Posts Tagged ‘Bernie Carbo’

Game Six: The Machine and the Sox

July 27, 2011

I guess that I have to admit that the sixth game of the 1975 World Series is the most famous of all the sixth games in baseball history. Part of the reason has to do with the teams involved and part has to do with it going into extra innings. Much of it has to do with one iconic image. In that way it’s much like the sixth game of the 1947 World Series that I chronicled earlier. And that’s only one of the things it has in common with 1947.

Pat Darcy with some guy named Fisk

1975

The date was 21 October 1975 when the Cincinnati Reds, known as “The Big Red Machine”, took on the Boston Red Sox in game six of the World Series. Boston was down 3 games to 2, but had both games at home in Fenway Park. For the Red Sox, ace Luis Tiant took the mound, the Reds countered with Gary Nolan. In the bottom of the first, Sox center fielder Fred Lynn connected for a three run home run. Nolan lasted one more inning before being pulled for a pinch hitter. The Reds bullpen proceeded to shut down the BoSox for the next five innings as Cincinnati clawed back into the game.  They got three runs in the fifth to tie the game, then put up two more in the seventh, then got a home run from eight hitter Cesar Geronimo in the top of the eighth.

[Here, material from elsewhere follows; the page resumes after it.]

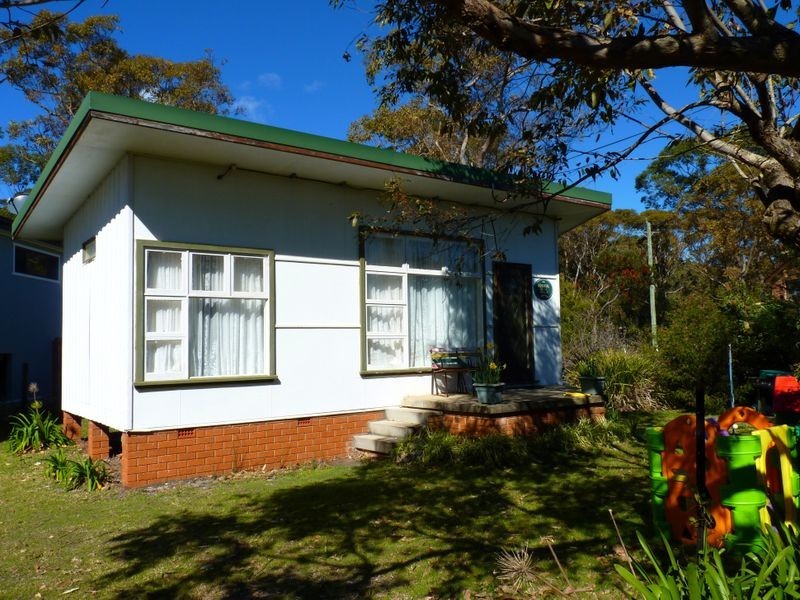 16 Lake Conjola Entrance Road, Lake Conjola NSW 2539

So far it had been a fairly one-sided game. The Sox had six hits, the Reds 11, and with six outs to go, Cincinnati’s bullpen had been spectacular. Then with two out and two on, pinch hitter (and former Reds player) Bernie Carbo slugged a game tying home run. As a short aside, Carbo had a spectacular World Series going 3 for 7 with a double and two home runs. He drove in four, scored three and had a slugging percentage of 1.429, but he’s remember strictly for this one hit. Kind of a shame, isn’t it?

For the next three and one-half innings, nobody scored although the Reds left three men on base and the Sox two. Then, facing journeyman Pat Darcy, Carlton Fisk led off the bottom of the 12th with one of the more famous home runs ever hit. The camera, lingering on him, turned it into the “Body English” homer. So the Red Sox tied the Series at three games each. Unfortunately for Boston, it wasn’t enough. They lost an equally impressive game seven the next night sending Cincinnati home with the world championship for the first time since 1940.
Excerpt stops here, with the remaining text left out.